A massive internet outage that made swathes of websites inaccessible for an hour has been traced back to cloud computing services provider Fastly. But what caused the Fastly outage and why did so many websites, including Reddit, Amazon and GitHub, go down?
Users attempting to visit affected sites from approximately 09:58 am UTC on 8 June were met with a 503 error or connection failure message.
At 10:57am Fastly applied a fix and news websites including Verdict, the Financial Times and the Guardian, along with the UK government’s website, became accessible once again.
Fastly said the outage stemmed from a problem with its content delivery network (CDN), a distributed network of data centres designed to speed up page loading times by reducing the distance that data packets have to travel between the server storing a web page and the user opening it.
But because Fastly acts as an intermediary between clients and their users, a major outage to their services prevents data packets from reaching a person’s device, rendering the website inaccessible.
The San Francisco-headquartered company provides an “edge cloud platform” that aims to speed this process up even further. However, the Fastly status page showed “degraded performance” across all its servers globally, from North America to South Africa.
“We identified a service configuration that triggered disruptions across our POPs [point of presences] globally and have disabled that configuration. Our global network is coming back online,” Fastly wrote in an update.
In networking, a POP is an interface such as an access point where two or more networks share a connection. It is typically located inside a data centre. It suggests a software configuration applied to all of its data centres inadvertendly stopped web content from being delivered from client to user.
“Fastly edge platform is having problems, which means a big part of the internet is having problems,” wrote F-Secure’s Mikko Hypponen. “This includes Twitter. Even fastly.com itself is unavailable in many locations.

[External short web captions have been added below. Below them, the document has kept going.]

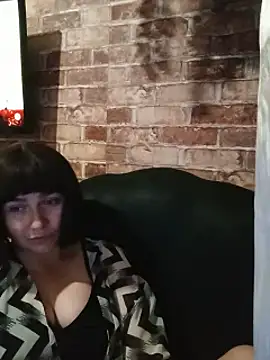 itismyhobby online show from 09-09-25, 06:50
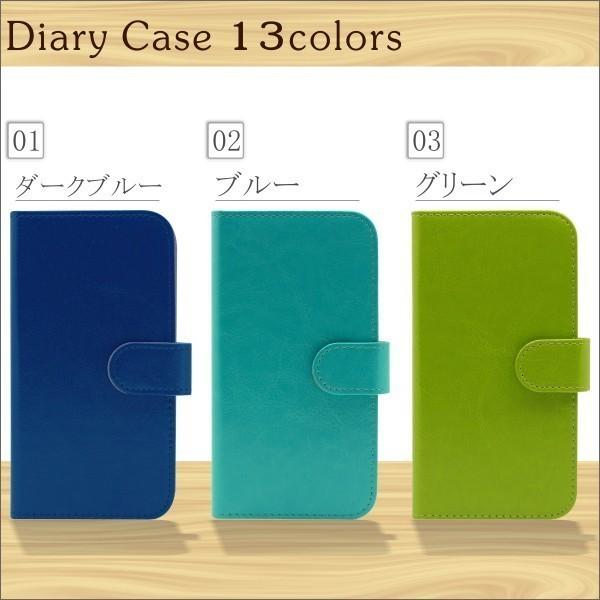 パーフェクトアルカディア　ギャラクシーチャージャー　サイフォゲート Amazon.co.jp: NINKI適応galaxy z flip 7 FE 2025/flip6 ケース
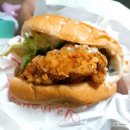 맘스터치신대부적점 이미지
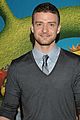 timberlake-diaz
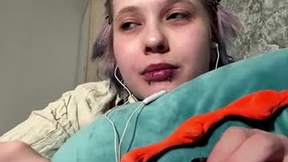 Recent Screenshot of  diegomiley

Basically, internet is down.”
Move Fastly and break things
The outage highlights how the decentralised internet is now maintained by a handful of companies that can bring down large parts of the internet with them when they run into technical problems.
Amazon Web Services, the world’s biggest cloud company, experienced an outage in 2017 that knocked some of the world’s biggest websites offline along the US east coast.
“It is remarkable that within ten minutes, one outage can send the world into chaos,” said Mark Rodbert, CEO of Idax. “This demonstrates the extent to which the move to the cloud has changed the things that companies need to protect.”
Jake Moore, cybersecurity specialist at ESET, said the Fastly outage underscores “the importance and significance of these vast hosting companies”.
The ability to access certain sites varied by location, which Mark Hendry, director of data protection and cybersecurity at DWF, said is because of the way algorithms direct requests for content.
“For instance, the algorithm might direct the traffic so that it routes through the most available or highest performing node, or so that the traffic takes the fastest network route to the requestor,” he explained.
At 12:41pm Fastly said it “observed recovery of all services and has resolved this incident. Customers could continue to experience a period of increased origin load and lower Cache Hit Ratio.”